Several reconstructed examples can be found, Jean Leibell produced a 12 in model for his researches into "Springalds and Great Crossbows" which was commissioned by the Royal Armouries Museum, and a larger model can be seen at the Tower of London. The only known full-size example is in the Royal Armouries Museum at Fort Nelson, Portsmouth, at around 8 ft long and capable of hurling a 2.4 kg bolt over 55 m (in excess of its expected range) and a 1.5 kg bolt over 77 m.

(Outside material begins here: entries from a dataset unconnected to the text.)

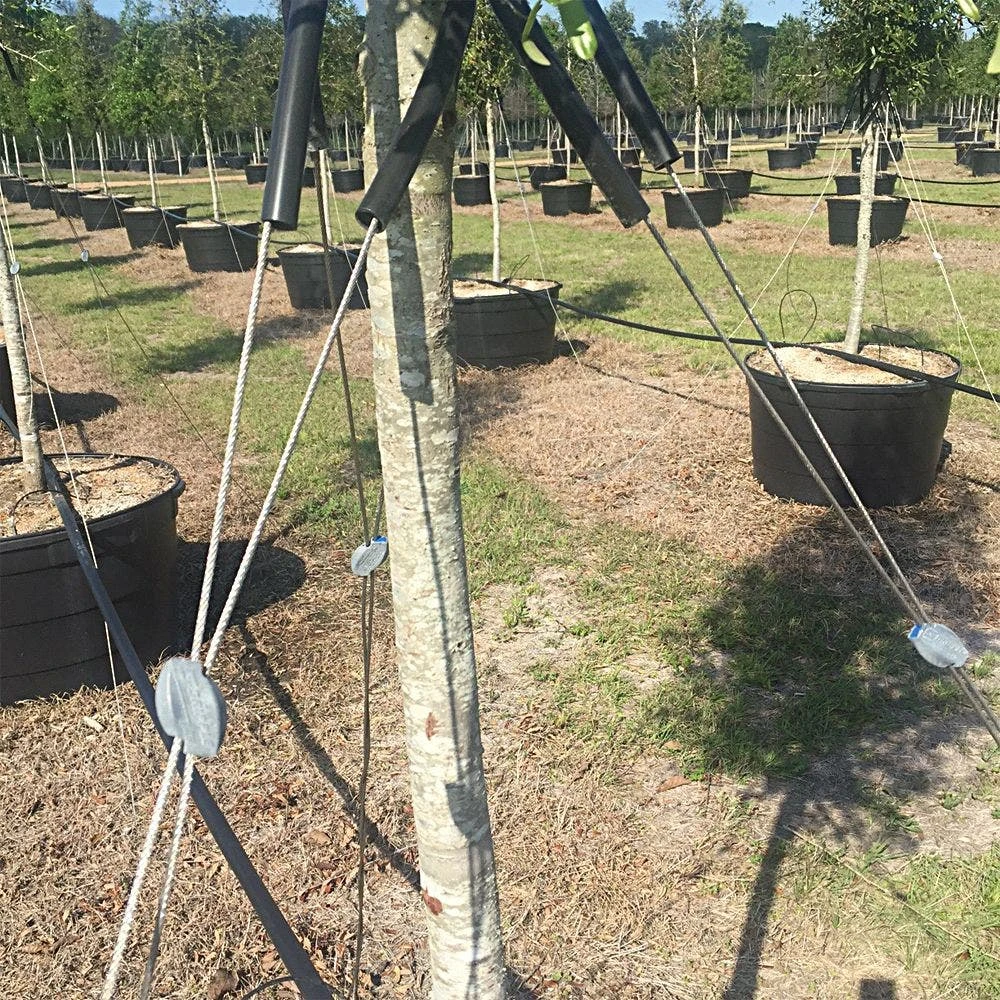 Light-Duty Tree Guying Kit By Gripple® 6 Light-Duty Tree Guying Kit By Gripple® - Image 4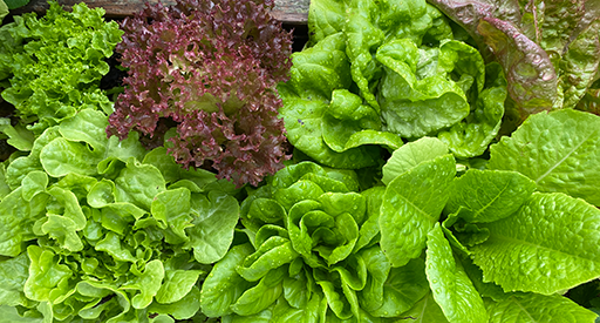 Tui Lettuce Growing Guide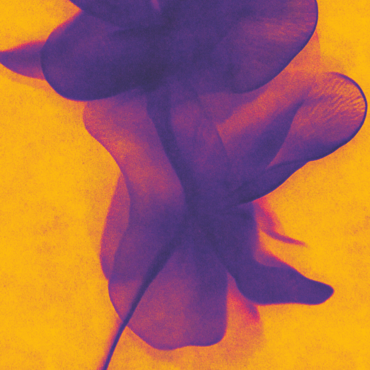Motive purple, yellow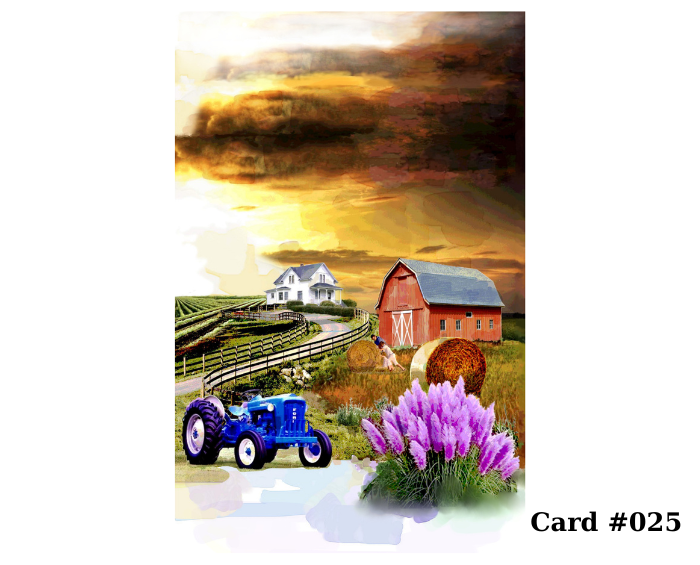 Greeting Cards – Pick Any 3 Designs From Large Selection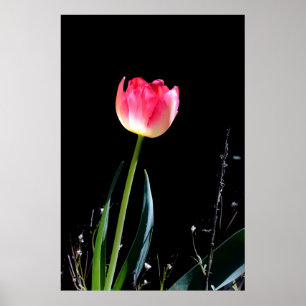 Póster Poster de tulipanes de primavera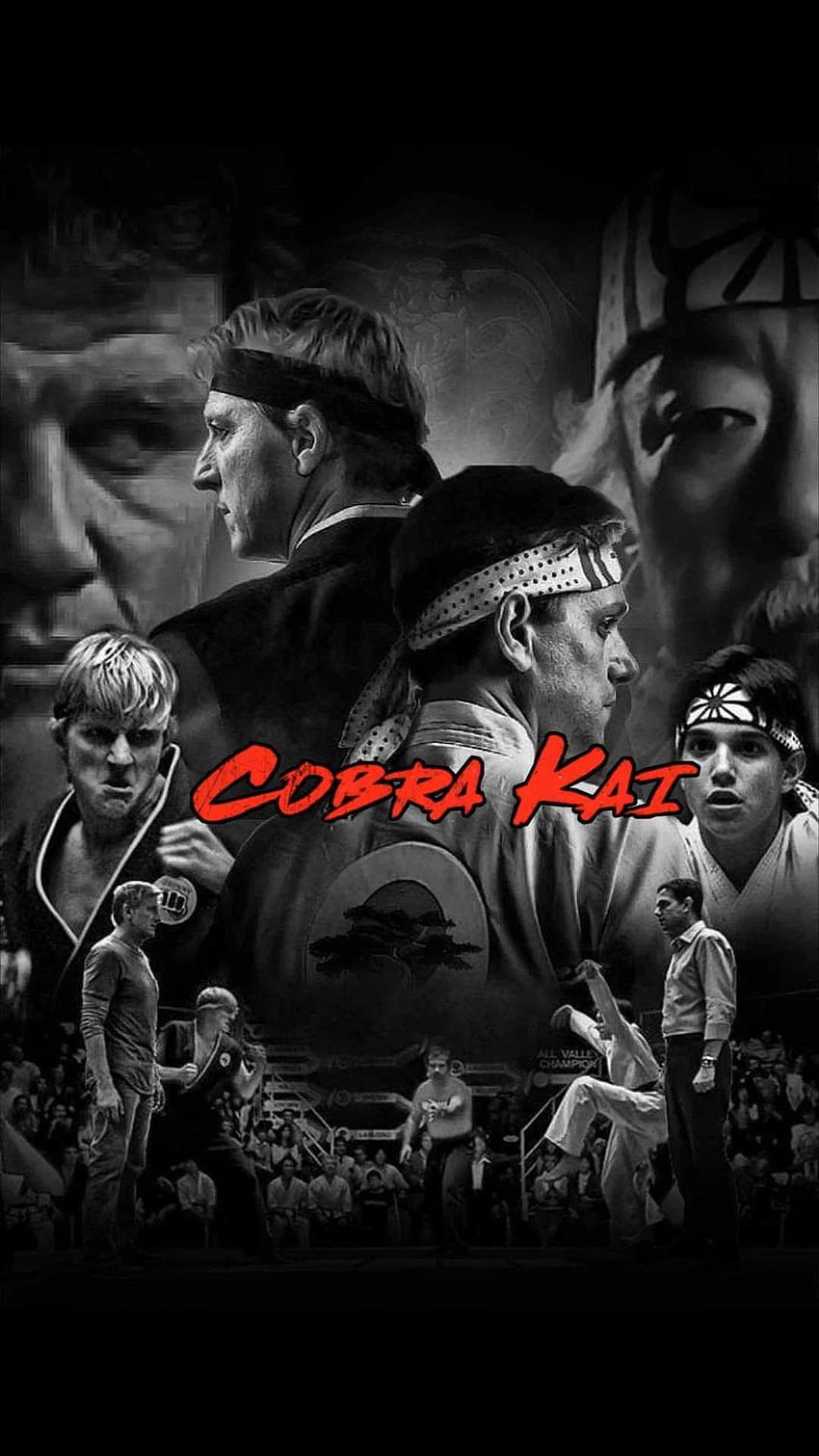 Cobra Kai, Falco Cobra Kai Sfondo del telefono HD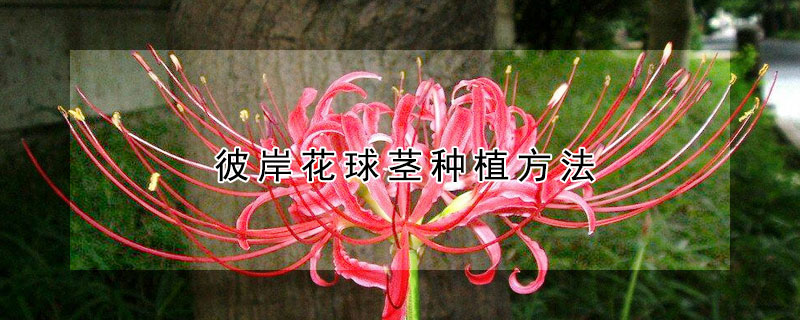 彼岸花球莖種植方法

This example was removed by the manufacturer, the Tenghesvisie Mechanical Artillery Society, for further research into the winding mechanism and firing tests. The machine was to be returned to the museum in the spring of 2013 for a public demonstration of mechanical artillery at Fort Nelson. There also exists or existed a huge springald at Trebuchet Park, Albarracín, Spain.

==In popular culture==
- An espringal was mentioned in the penultimate episode of Game of Thrones.
- The Redwall book Loamhedge has a mouse named "Springald" (presumably after the contraption).
- Springalds appear in the video game Age of Empires IV.

== See also ==
- Trebuchet

==Bibliography==

- Nicolle, David (1996). "Medieval Warfare Source Book Vol. II"
- Purton, Peter (2006). "The myth of the mangonel: Torsion artillery in the Middle Ages"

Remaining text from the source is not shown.